Brad Carter, of Carters of Moseley in Birmingham, England, told Insider that pici pasta is one of his favorite things to make for the staff dinners at his restaurant. 

"It's amazing, it's just flour, water, oil, and salt, it's really quick to make," he said. "You can have dinner within 40 minutes. The only thing you're waiting for is the resting time on the dough."

And you don't need an expensive pasta machine to shape your noodles. 

"You cut the dough with a knife and roll it with your fingers, almost like misshapen, wiggly worms," Carter said. "Then you're basically blanching your noodles in water or cooking them in a sauce. 

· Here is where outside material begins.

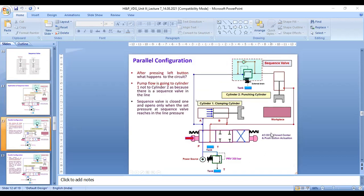After pressing the red button, pump flow goes to cylinder one first, not to cylinder two, because there is a sequence valve in the line. The sequence valve is closed and opens only when the set pressure at the sequence valve is reached by the line pressure.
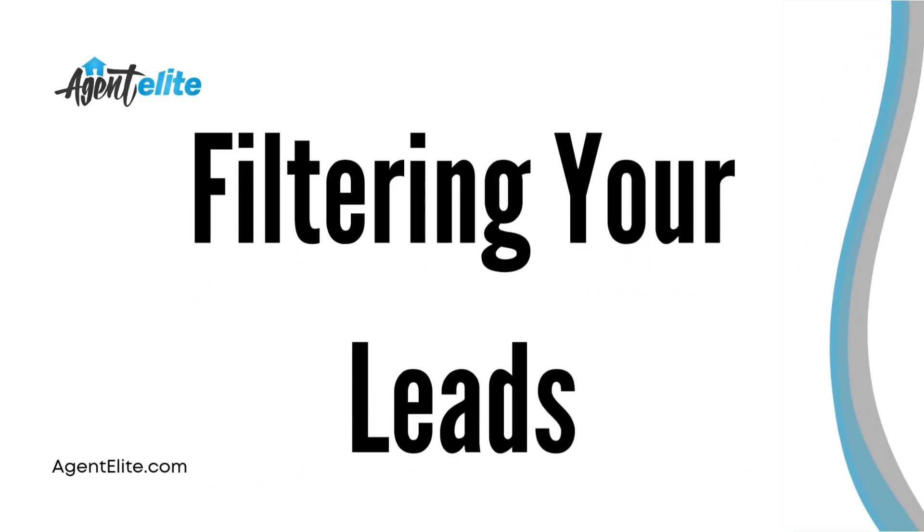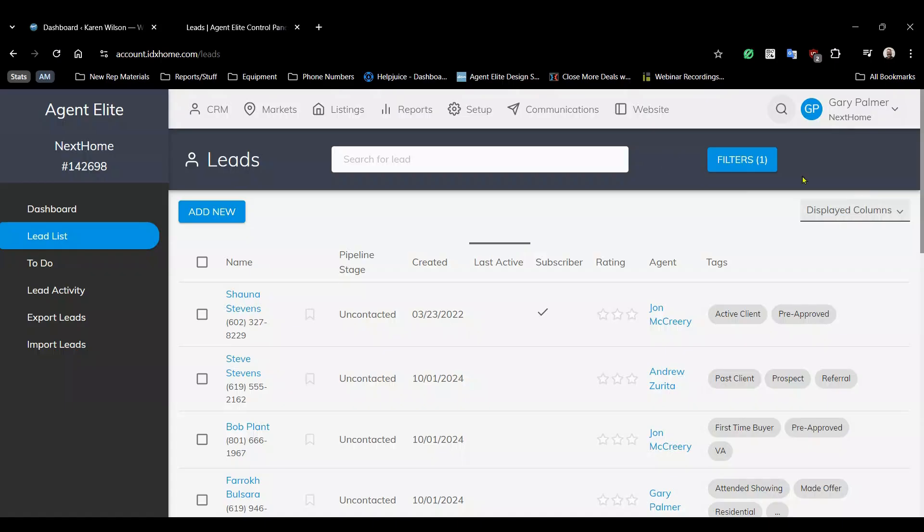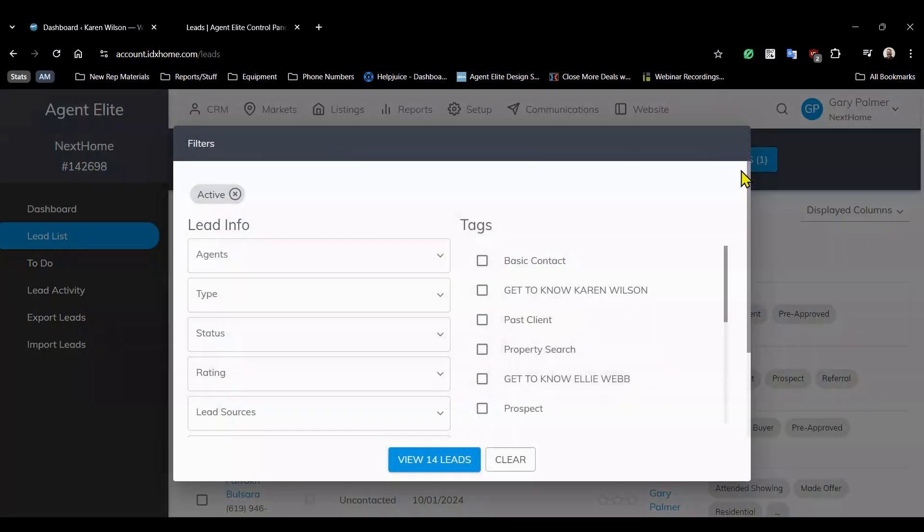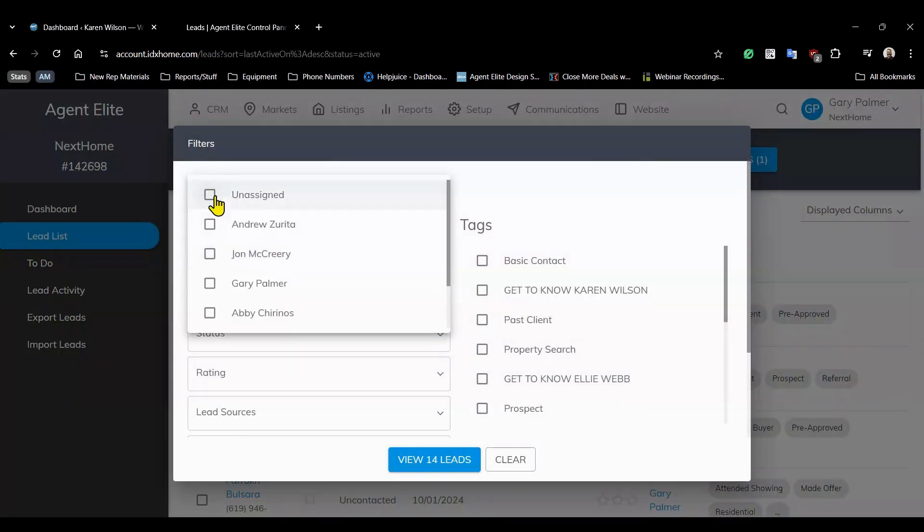To get the most out of your lead list you can use filters to target specific clientele. Now because this is a brokerage lead list multiple agents may be involved and you can filter by agents if you're looking to focus on specific leads.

"It's simplicity and authenticity," he added. "You can make the dough from scratch and it shows that you don't have to buy dried pasta all the time. You can make something yourself very easily, and feel that satisfaction."

You can transform that extra kale in the fridge into a delicious salad with just a few simple ingredients.

Kim told Insider that this dish tastes just like a Caesar salad, but can be made vegan-friendly. 

"You make a dressing with black pepper, mayonnaise, lemon juice, a little minced garlic, and dried yeast," she said. "Dried yeast has this cheesy flavor and tastes like Parmesan, but there's no dairy — and you can get it at Whole Foods." 

"It's super easy to whip up, and usually you have those products on hand," she added. "You just mix it all with the fresh kale, and it's just really delicious."